[WORK ITEM] Go to the line containing "Welcome to 2023" below; retype it and all following lines exactly, and leave out the pictures.

[INFORMATION SUPPLIED]

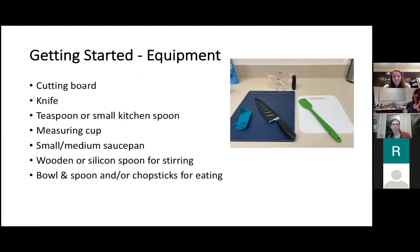Getting started, you'll need a cutting board and knife if chopping vegetables, a teaspoon or small kitchen spoon, a small or medium saucepan, spoons for stirring, and a bowl and chopsticks for eating. A great place for new cooks is the Dollar Tree — all of these items came from there. You can get cooking gadgets, pans, and disposable sauce pans. It's a great place to stock your kitchen.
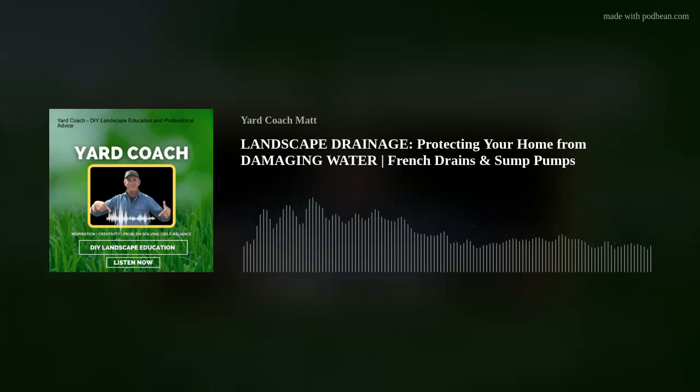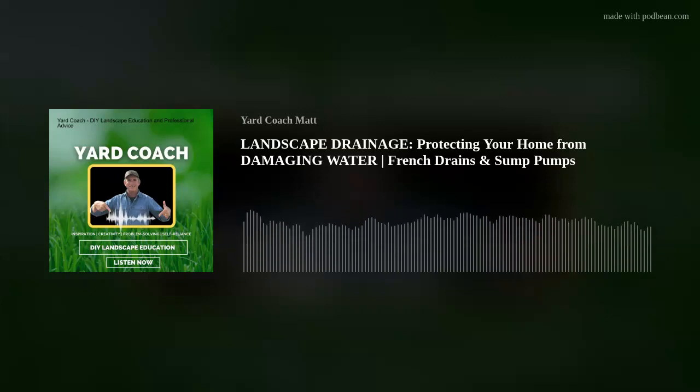Welcome to 2023 — it's going to be a great year. I'm Matt, you can call me Coach. Every Friday I bring landscape DIY education — concepts, theories, ideas, and solutions — so you can tackle a landscape project yourself, get professional results, and save a lot of money. After a 20-plus year career in the green industry, I'm bringing a lot of knowledge and experience to share with the new modern, educated, self-reliant homeowner of today.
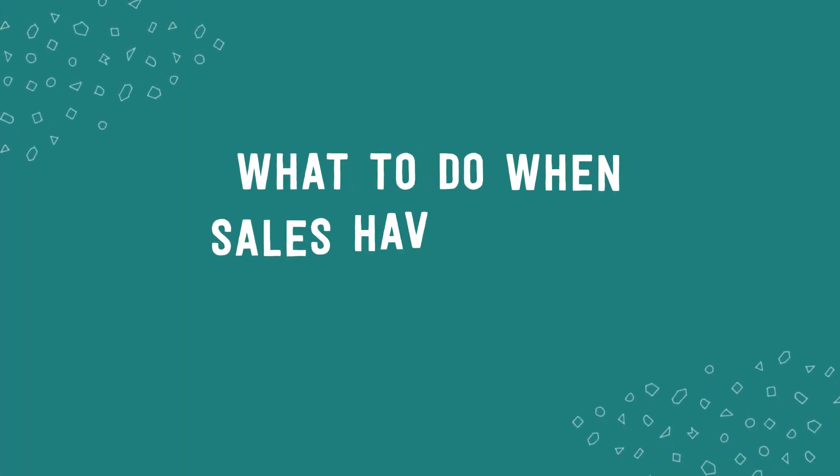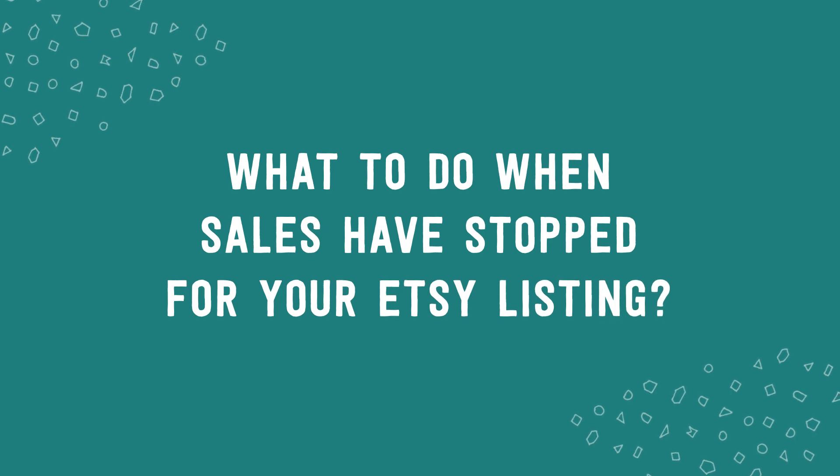My name is Deb and I'm the founder of Tizzit Co, a membership community for makers and handmade shop owners just like your fabulous self. You can learn more about our community Tizzit HQ via the link below this video. Let's jump straight into today's conversation: what to do when sales have stopped for your Etsy listing.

[ANSWER TO THE PROBLEM]
Welcome to 2023 — it's going to be a great year. I'm Matt, you can call me Coach. Every Friday I bring landscape DIY education — concepts, theories, ideas, and solutions — so you can tackle a landscape project yourself, get professional results, and save a lot of money. After a 20-plus year career in the green industry, I'm bringing a lot of knowledge and experience to share with the new modern, educated, self-reliant homeowner of today.
My name is Deb and I'm the founder of Tizzit Co, a membership community for makers and handmade shop owners just like your fabulous self. You can learn more about our community Tizzit HQ via the link below this video. Let's jump straight into today's conversation: what to do when sales have stopped for your Etsy listing.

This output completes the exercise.